I would like to introduce to you Frantz.

He was my buddy.
The most unique and sweet guy I've met in quite some time.
We don't stay in touch quite like I'd like to, but he's always on my mind!
I hope you are doing well, wherever you are!!
I miss your smiling face :)
Come visit in Texas sometime soon!



I packed my TIARA!


We are off!
Mehle and I are going to Gladewater this weekend for Jayde's 5Th birthday!
It's a princess themed birthday party!
I can't believe how fast my little Tator Tot is growing up!
And we'll get some much needed sister time in :)
**the below pictures were from Mehle's Graduation...we went in for an over enthusiastic hug...we fell**









Remember, no matter where you go...there you are.

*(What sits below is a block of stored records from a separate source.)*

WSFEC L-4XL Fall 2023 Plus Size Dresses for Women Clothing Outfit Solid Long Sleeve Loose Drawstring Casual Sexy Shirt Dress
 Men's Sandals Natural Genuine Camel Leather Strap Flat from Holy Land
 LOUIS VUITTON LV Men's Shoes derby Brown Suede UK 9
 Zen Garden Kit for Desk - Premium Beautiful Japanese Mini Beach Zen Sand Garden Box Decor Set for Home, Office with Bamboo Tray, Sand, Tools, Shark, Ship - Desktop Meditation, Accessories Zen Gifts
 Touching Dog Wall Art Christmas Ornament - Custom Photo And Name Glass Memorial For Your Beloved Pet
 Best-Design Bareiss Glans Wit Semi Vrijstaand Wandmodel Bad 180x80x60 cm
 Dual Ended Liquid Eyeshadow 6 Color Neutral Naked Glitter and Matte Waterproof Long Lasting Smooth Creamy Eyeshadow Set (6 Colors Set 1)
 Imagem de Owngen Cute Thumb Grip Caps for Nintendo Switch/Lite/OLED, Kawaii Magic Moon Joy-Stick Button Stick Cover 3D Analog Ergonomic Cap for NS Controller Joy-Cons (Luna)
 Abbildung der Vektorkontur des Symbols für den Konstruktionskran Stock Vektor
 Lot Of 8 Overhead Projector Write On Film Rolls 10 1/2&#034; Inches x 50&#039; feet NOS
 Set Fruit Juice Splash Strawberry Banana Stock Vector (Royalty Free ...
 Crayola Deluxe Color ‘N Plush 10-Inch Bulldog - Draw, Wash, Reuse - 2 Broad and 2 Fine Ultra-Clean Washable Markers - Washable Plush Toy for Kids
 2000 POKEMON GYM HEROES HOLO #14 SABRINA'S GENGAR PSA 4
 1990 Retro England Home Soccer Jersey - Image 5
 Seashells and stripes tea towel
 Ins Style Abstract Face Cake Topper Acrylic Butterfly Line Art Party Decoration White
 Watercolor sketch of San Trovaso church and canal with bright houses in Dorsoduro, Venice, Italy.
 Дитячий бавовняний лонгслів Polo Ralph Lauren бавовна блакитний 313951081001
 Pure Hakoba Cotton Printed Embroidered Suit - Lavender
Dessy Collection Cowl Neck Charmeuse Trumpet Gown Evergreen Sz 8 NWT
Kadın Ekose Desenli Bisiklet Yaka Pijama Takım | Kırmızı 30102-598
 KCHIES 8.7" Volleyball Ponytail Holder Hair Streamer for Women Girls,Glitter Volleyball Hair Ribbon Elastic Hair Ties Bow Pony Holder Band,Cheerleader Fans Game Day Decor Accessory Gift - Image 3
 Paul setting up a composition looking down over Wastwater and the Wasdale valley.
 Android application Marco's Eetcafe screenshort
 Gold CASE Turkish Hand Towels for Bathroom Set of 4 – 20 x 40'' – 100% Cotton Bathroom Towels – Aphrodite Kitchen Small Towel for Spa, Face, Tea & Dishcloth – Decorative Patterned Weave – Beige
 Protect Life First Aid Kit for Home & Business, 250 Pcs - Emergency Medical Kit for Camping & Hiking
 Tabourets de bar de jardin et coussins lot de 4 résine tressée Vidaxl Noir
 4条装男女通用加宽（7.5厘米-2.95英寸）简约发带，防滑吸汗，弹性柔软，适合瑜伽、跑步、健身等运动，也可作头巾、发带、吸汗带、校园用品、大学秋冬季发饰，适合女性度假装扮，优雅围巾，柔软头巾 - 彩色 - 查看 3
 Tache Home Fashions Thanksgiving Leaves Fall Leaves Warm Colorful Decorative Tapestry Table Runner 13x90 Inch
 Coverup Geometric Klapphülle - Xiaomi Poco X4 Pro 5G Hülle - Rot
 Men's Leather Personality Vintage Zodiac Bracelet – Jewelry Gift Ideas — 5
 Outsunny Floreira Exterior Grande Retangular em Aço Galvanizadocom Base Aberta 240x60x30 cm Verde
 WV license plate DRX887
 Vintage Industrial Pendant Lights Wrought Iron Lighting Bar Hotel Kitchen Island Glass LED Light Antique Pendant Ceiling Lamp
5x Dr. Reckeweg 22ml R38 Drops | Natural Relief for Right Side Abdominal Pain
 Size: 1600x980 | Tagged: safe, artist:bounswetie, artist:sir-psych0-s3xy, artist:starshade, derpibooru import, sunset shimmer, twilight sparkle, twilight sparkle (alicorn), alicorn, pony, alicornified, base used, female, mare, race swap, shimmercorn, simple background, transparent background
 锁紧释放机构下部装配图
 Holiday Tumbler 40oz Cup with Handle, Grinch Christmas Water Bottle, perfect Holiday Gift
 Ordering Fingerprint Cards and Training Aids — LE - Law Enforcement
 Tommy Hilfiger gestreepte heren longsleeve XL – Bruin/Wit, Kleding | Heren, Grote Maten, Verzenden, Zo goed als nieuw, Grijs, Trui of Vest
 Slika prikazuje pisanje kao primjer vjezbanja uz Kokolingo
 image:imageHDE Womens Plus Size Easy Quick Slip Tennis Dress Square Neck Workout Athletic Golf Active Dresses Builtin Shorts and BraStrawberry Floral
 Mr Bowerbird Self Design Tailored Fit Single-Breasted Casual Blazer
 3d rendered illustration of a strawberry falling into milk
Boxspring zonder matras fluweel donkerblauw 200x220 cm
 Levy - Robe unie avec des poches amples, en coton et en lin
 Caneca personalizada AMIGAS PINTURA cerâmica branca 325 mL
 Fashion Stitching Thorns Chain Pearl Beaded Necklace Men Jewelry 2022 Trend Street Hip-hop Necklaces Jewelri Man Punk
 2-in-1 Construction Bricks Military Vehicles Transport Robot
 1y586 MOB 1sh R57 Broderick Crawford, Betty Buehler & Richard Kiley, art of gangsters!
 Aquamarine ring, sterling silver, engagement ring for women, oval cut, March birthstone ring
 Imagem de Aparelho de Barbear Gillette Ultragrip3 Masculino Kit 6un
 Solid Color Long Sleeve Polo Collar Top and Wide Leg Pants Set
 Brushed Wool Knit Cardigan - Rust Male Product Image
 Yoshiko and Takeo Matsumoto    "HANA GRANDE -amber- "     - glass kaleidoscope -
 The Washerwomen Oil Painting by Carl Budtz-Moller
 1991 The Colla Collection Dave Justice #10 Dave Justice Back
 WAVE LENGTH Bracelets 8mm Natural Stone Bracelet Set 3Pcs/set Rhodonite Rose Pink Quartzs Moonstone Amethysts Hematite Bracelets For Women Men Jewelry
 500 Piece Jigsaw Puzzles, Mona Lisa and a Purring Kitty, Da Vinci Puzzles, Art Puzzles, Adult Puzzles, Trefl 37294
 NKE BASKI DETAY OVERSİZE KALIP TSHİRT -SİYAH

I don't believe in "perfect moments" anymore.
I don't believe because ANY moment can be perfect.
It's "perfect" because you decide it's perfect.

**image via postsecret

Wednesday, October 7, 2009

You WILL love it!

The Twilight Saga: New Moon Trailer


I was not allowed to think of him. That was something I tried to be very strict about. Of course I slipped; I was only human. But I was getting better, and so the pain was something I could avoid for days at a time now. The tradeoff was the never-ending numbness. Between pain and nothing, I’d chosen nothing.-Bella Swan

Make FUN if you must. But these books are wonderful.
And they make me happy!
So what if I jumped on the mainstream bandwagon?
You should too!

Something to look forward to!!
November 20th
You can't get here soon enough.

Open Letters:

I think I'm going to try to post an "open letters" blog each week.
Just short little letters to whoever or whatever I need to say something to.


Dear Mehle,
I'm sorry I wore your new shoes. And I'm sorry that I haven't told you about it yet.
Love,
The shoe burglar


Dear Hair,
I don't like you. I liked you before I got you cut. Now you just look like a stupid football helmet on my head. Thanks allot. Now grow back out.
Love,
The fat head you lay on

Dear Dita Von Teese
You're so pretty. How do you do it?
Love,
The jealous girl


Dear Paycheck,
Please get bigger. Thank you.
Love,
The poor person who needs to live within her means.

Dear Weather
I like it when you have a slight chill. I like to bundle up.
Love,
The snuggler


Dear Yukon
I have neglected to get your oil changed for a couple weeks. I promise, though, that I will take care of you as soon as I can. Maybe you should talk to my paycheck about getting bigger. That would help allot.
Love,
Your terrible owner

Dear Cheese Soup
you, my friend, are delicious! (Rotel and Velveeta)
Love,
Your faithful fan


Dear Bella,
I miss you so much! And I miss your Mommy! Please come stay with me for awhile!
Love,
The one who squeezes you a little too much.

Honest to blog!

Thanks to sweet Belen I have been tagged again :)
http://einahpetsneleb.blogspot.com/2009/10/honestly-tagged.html

This time, though, I'm going to try to dig out 10 things you don't know about me. I posted 10 random things back in July. Then got Tagged again by Marisa and answered the questions that were added .
So here is 10 MORE randoms :)

1. I like to eat salt and vinegar chips on pizza. (If this isn't the epitome of a fat girl I don't know what is)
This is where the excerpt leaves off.